Portugal não pode usar o argumento da escassez de recursos para justificar o seu atraso: este deve-se à sua ineficiência produtiva.
Bem, assunto complicado este que escolhi. Vejo a cena toda e sei que tenho simpatia pela teoria da escassez: ela permite criticar a abundância que faz do homem um animal estúpido.
Estou chocado comigo mesmo: concordo em termos gerais com a teoria da mente de Malthus e com a negação da possibilidade de uma sociedade perfeita. Mas ele é muito reaccionário... Em síntese: o mal cria o esforço e o esforço cria a mente. Isto é verdade e tem sido a partir desta ideia simples que critico esta sociedade consumista e facilitista.

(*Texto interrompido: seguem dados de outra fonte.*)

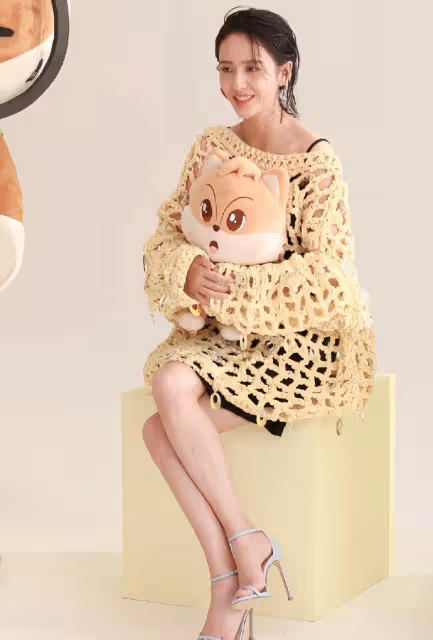 佟麗婭真的很「輕鬆」,裙子外面還有一個「漁網」,看起來真的很時尚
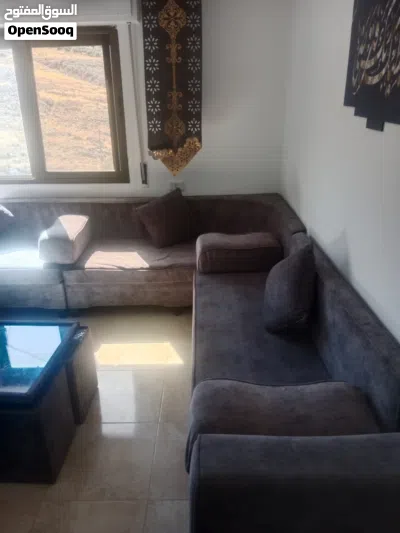 طقم كنب للبيع بسعر مغري جداً 4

Portugal é, estruturalmente, um aborto: a miséria mental e cognitiva dos portugueses é demasiado evidente. O mal radical reside neste país! É um horror - Portugal é um filme de terror.
Nunca pensei que fosse possível haver tanta mediocridade, ignorância e, claro!, maldade no ensino! Não há verdadeiramente ensino em Portugal! Um horror!
Ai, precisava escrever um livro sobre o tema - não estou seguro de aceitar as teorias da economia primitiva tal como foram elaboradas. Marx dá muitas indicações que apontam para outra via. Hoje temos espaço de manobra para o ler de modo diferente. Afinal, ele foi deturpado.